Капитализм не дает ничего. Фашизм остается и навсегда останется лишь лакировкой на отвратительном хламе, а вся оригинальность, вся изобретательность фашистов сводится к тому; чтобы подобрать цвет для рубашек да уговаривать массы, будто можно питаться дымом.
Это все то же общество, в котором преуспевают лишь за счет разорения других, в котором живут, лишь убивая других, общество, которое набрасывается на новые материки, чтобы воровски взламывать непрочные границы и заставлять туземцев платить за воздух, которым они дышат: отвратительное общество, где нельзя быть честным, не будучи дураком, где выборы фальсифицируют волю населения, где человек эксплуатирует человека, где человек убивает человека, где великие социальные катастрофы лишь отодвигаются лжерешениями, где карнавалами пытаются замаскировать вулкан.
Такой системе не дано уничтожить кризис.

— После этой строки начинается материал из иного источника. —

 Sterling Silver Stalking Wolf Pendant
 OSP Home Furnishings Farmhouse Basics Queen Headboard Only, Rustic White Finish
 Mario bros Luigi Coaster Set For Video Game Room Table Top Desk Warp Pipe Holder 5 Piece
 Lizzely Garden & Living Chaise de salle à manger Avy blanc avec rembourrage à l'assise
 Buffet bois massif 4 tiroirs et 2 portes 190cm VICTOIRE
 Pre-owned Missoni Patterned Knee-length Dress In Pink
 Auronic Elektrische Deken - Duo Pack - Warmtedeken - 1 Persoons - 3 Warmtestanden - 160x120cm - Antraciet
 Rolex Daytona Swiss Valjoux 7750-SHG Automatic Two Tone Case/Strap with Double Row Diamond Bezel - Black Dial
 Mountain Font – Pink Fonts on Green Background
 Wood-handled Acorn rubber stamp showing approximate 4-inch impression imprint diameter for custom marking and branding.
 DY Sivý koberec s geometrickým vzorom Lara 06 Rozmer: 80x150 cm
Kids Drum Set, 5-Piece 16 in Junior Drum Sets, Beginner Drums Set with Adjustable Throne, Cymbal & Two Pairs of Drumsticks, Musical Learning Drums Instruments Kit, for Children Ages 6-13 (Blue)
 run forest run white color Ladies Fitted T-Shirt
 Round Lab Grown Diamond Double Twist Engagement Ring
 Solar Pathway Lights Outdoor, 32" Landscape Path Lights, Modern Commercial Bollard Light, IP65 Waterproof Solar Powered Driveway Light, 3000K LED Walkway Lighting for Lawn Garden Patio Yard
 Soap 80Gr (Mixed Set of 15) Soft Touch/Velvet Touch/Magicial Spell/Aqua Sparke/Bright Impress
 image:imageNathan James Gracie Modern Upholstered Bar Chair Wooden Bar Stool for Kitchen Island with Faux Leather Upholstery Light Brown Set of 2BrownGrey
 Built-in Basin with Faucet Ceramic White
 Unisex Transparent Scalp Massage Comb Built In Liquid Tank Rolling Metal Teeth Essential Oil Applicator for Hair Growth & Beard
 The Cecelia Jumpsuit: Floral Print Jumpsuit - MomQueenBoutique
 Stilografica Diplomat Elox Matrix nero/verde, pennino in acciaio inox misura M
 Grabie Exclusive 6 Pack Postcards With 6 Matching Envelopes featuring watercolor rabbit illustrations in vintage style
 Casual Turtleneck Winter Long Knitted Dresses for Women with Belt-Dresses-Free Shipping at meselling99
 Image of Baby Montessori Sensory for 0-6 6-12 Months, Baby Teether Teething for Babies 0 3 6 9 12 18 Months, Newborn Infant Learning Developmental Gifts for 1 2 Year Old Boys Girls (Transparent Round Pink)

Напротив, чем дальше развивается национализм, тем ближе он к гибели.
Он не несет ничего, кроме смертного приговора. «Порядок», возвещаемый буржуазией, это мертвый порядок кладбища посреди современного хаоса.
К чему это приведет? К войне. И снова — свиные рыла противогазов, толпы, бегущие навстречу насильственной смерти, маршевые эшелоны — похоронные дроги живых, залитые металлом поля, разрушенные деревни, задыхающиеся в подземных убежищах народы.